▶ Directions
Everything from the line holding "KarolinaMilf live cam on BongaCams" to the end of the listing below should be copied exactly, line for line, minus the pictures.

▶ Exercise data
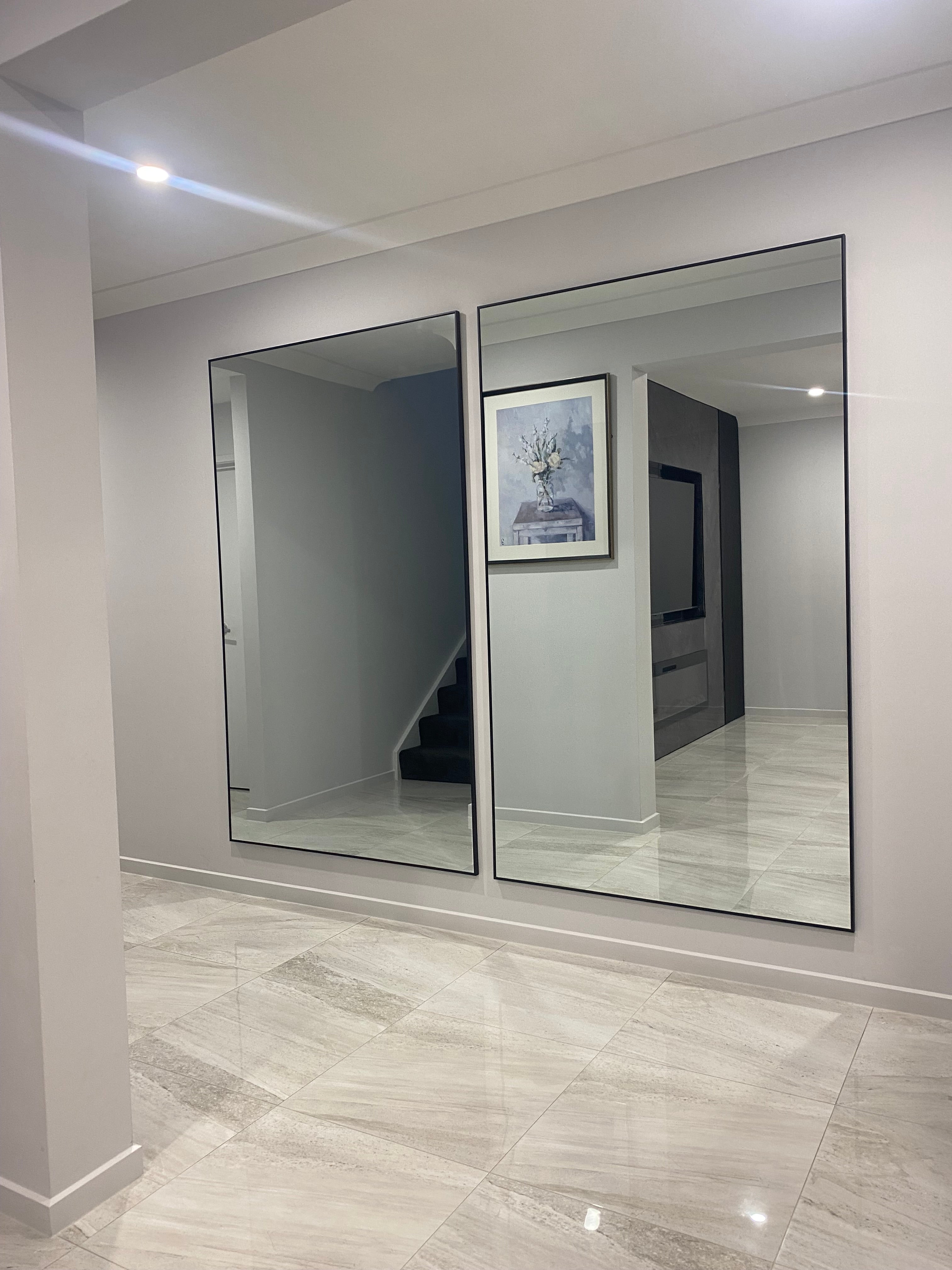 Studio Rectangle Minimalistic Mirror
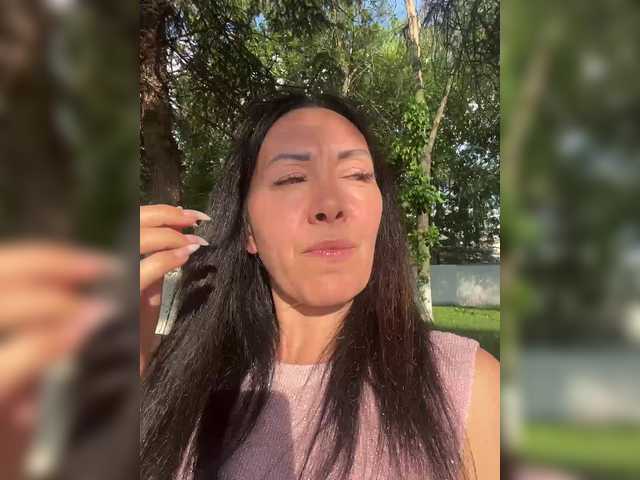 KarolinaMilf live cam on BongaCams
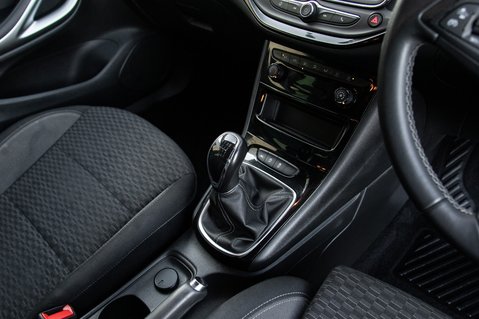 Vauxhall Astra SRI VX LINE NAV 29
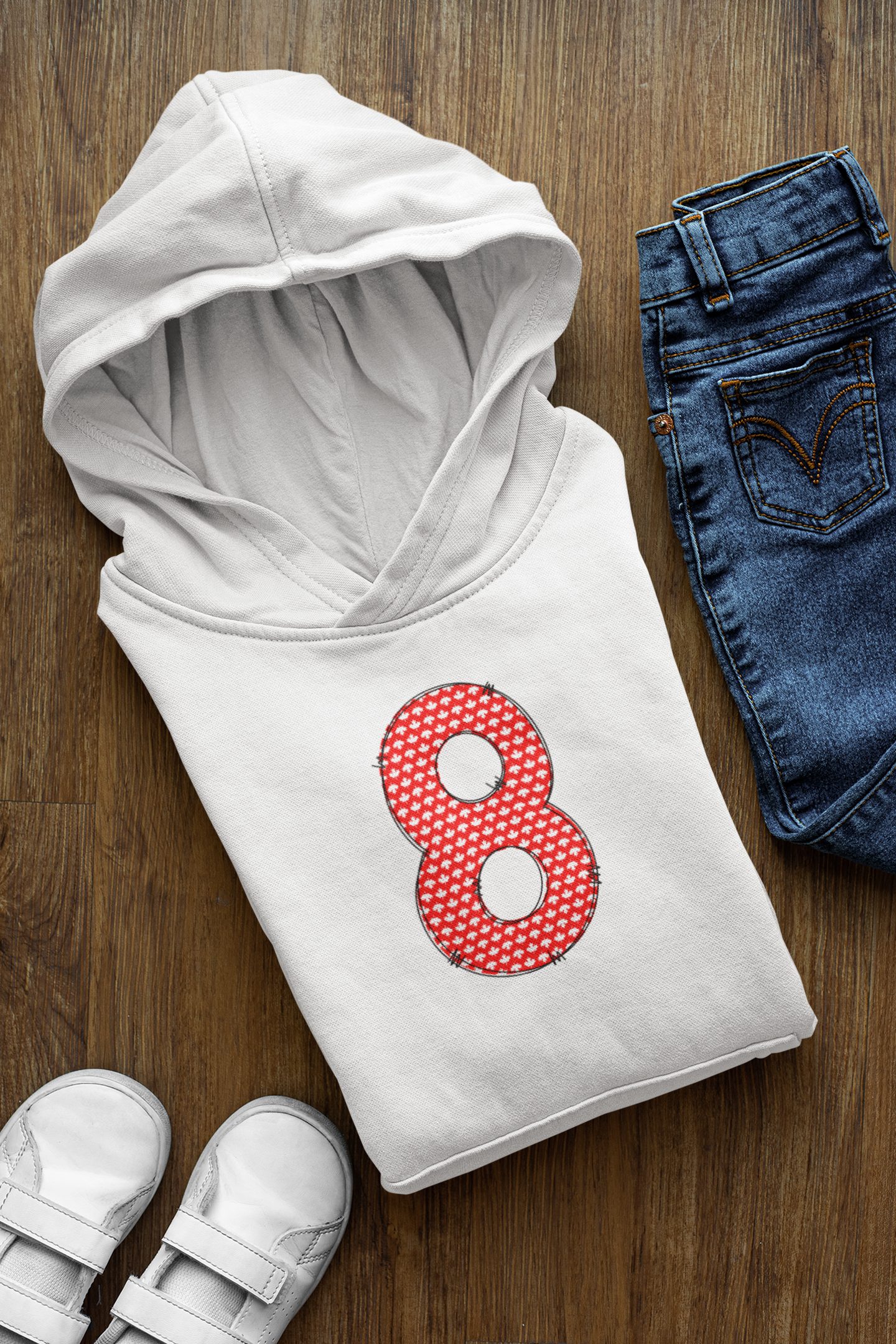 🍁 “8” – Eight – Red & White Maple Leaf Pattern Numeric | DTF Transfer FT1018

▶ Exercise answer
 KarolinaMilf live cam on BongaCams
 Vauxhall Astra SRI VX LINE NAV 29
 🍁 “8” – Eight – Red & White Maple Leaf Pattern Numeric | DTF Transfer FT1018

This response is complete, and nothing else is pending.